Following a database search, EndNote X8 was utilized to eliminate duplicate references. Subsequently, two independent reviewers assessed the titles and abstracts of all retrieved articles to identify eligible studies following the inclusion and exclusion criteria. Once unrelated studies were excluded, the eligibility of the remaining studies was determined by examining their complete texts. Inconsistencies between the two examiners were resolved through deliberation or by the opposing reviewer.

Data curation

The design of initial data mining form fully complied with the guidelines set forth in PRISMA and specific study designs. After pilot testing on two articles of each study type, the document underwent further refinement. Subsequently, data were drawn from all included studies by two independent reviewers. Curated data were the lead author's name, year of publication, study location, study population, number of participants in each group of the study, gender of participants, dose of vitamin D supplementation, duration of intervention, type of supplemented control, and findings made of the effects of vitamin D supplementation on TSH and thyroid hormones. The data mining sheet is summarized in Table 2.

Table 2.

Characteristics of the studies that examined the effects of vitamin D supplementation on TSH and thyroid hormones.

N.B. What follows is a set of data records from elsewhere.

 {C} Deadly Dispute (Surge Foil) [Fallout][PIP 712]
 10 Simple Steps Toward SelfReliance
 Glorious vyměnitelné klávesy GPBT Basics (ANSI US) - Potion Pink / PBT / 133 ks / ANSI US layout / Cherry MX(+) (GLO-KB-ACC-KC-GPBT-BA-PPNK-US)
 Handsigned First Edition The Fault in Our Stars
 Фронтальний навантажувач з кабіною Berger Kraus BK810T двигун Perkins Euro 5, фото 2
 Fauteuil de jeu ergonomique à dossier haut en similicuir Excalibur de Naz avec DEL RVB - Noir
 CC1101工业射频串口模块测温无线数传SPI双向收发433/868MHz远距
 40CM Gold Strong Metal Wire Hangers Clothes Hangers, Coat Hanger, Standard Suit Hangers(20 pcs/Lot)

First author	Baseline vitamin D	Year	Country	Subject	Male/female	Age	n/treatment group	n/control group	Treatment	Control	Duration of intervention	Results
Safari et al.	Not reported	2023	Iran	Subclinical hypothyroidism	Female	20–65	22	22	10,000IU vitamin D/weekly	Sun flower	3 months	↓TSH free and total T3 free and total T4
Grover et al.	Insufficiency	2021	India	Cirrhosis	127 male/37 female	18–60	57	67	60,000IU vitamin D (one capsule/week within the first 2 months, followed by 1 capsule/month for 10 months)	Sugar spheres	12 months	TSH fT4
Ebrahemi Rokni et al.	Deficiency, insufficiency	2021	Iran	Overweight males	Male	45–55	13	13	50,000IU vitamin D/weekly	Paraffin	8 weeks	↓TSH
Mei et al.	Deficiency	2021	China	Hyperthyroidism (Graves’ disease) with hypercalcemia	15 male/21 female	18–70	18	18	800–1200IU vitamin D3/daily	Methimazole	12 months	↑TSH↓fT3↓fT4
Krysiak et al.	Insufficiency	2020	Poland	Prediabetic women with Hashimoto's thyroiditis	Female	25–50	16	15	Metformin+4000IU vitamin D/daily	Metformin	6 months	↓TSH free and total T3 free and total T4
Chahardoli et al.	Deficiency, insufficiency	2019	Iran	Hashimoto's thyroiditis	Female	18–48	19	21	50,000IU vitamin D3/weekly	Paraffin	3 months	TSH↔T3↔T4
Talaei et al.	Deficiency, insufficiency	2018	Iran	Hypothyroid	Female	20–60	102	99	50,000IU vitamin D/weekly	Paraffin	3 months	↓TSH↔T3↔T4
Krysiak et al.	Deficiency	2018	Poland	Hashimoto's thyroiditis	Female	25–50	A:19B: 20	18	A: 2000IU vitamin D/daily+40mg/daily simvastatinB: 2000IU vitamin D/daily	Simvastatin (40mg/daily)	6 months	TSH fT3 fT4
Purnamasari et al.	Deficiency, insufficiency	2017	Indonesia	Graves’ disease	Not reported	36±8.81	12	13	Propylthiouracil+60IU alfacalcidol/daily	Propylthiouracil+placebo	8 weeks	fT4 TSH
Anaraki et al.	Deficiency	2017	Iran	Hashimoto's thyroiditis	36 female/20 male	43.81±1.57	30	26	50,000IU vitamin D/weekly	Placebo	12 weeks	TSH
Knutsen et al.	Deficiency	2017	Norway	Healthy	181 female/69 male	18–50	A: 84B: 85	82	A: 1000IU vitamin D3/dailyB: 400IU vitamin D3/daily	Placebo	16 weeks	TSH fT4
Krysiak et al.	Normal	2017	Poland	Hashimoto's thyroiditis	Female	20–50	16	18	2000IU vitamin D/daily	Levothyroxine	6 months	TSH fT4 fT3
Krysiak et al.	Deficiency, insufficiency	2016	Poland	Postpartum thyroiditis	Female	20–40	A: 11B: 21	21	A: 4000IU vitamin D/dailyB: 2000IU vitamin D/daily	Nothing	3 months	TSH fT3 fT4
Simsek et al.	Deficiency	2016	Turkey	Autoimmune thyroid	68 female/14 male	Intervention:35.8±12Control:39.7±12.6	46	36	1000IU vitamin D/daily	Nothing	1 months	TSH fT4
Kawakami-Tani et al.	Not reported	1997	Japan	Graves’ disease	40 female/5 male	16–67	15	15	60IU vitamin D3/daily+30mg/daily methimazole	30mg/daily methimazole	24 weeks	↑TSH↓fT4↓fT3↓T3↓T4
Barsony et al.	Deficiency	1986	Hungary	Hypothyroid patient	36 female/1 male	18–86	A:12B:12	13	A: A single dose of 100,000IU vitamin DB: A single dose of 100,000IU vitamin D+thyronine	Nothing	6 months	↓TSH↑T4

fT3: free triiodothyronine; fT4: free thyroxine; IU: international units; n: number; TSH: thyroid stimulating hormone; T4: thyroxine; T3: triiodothyronine.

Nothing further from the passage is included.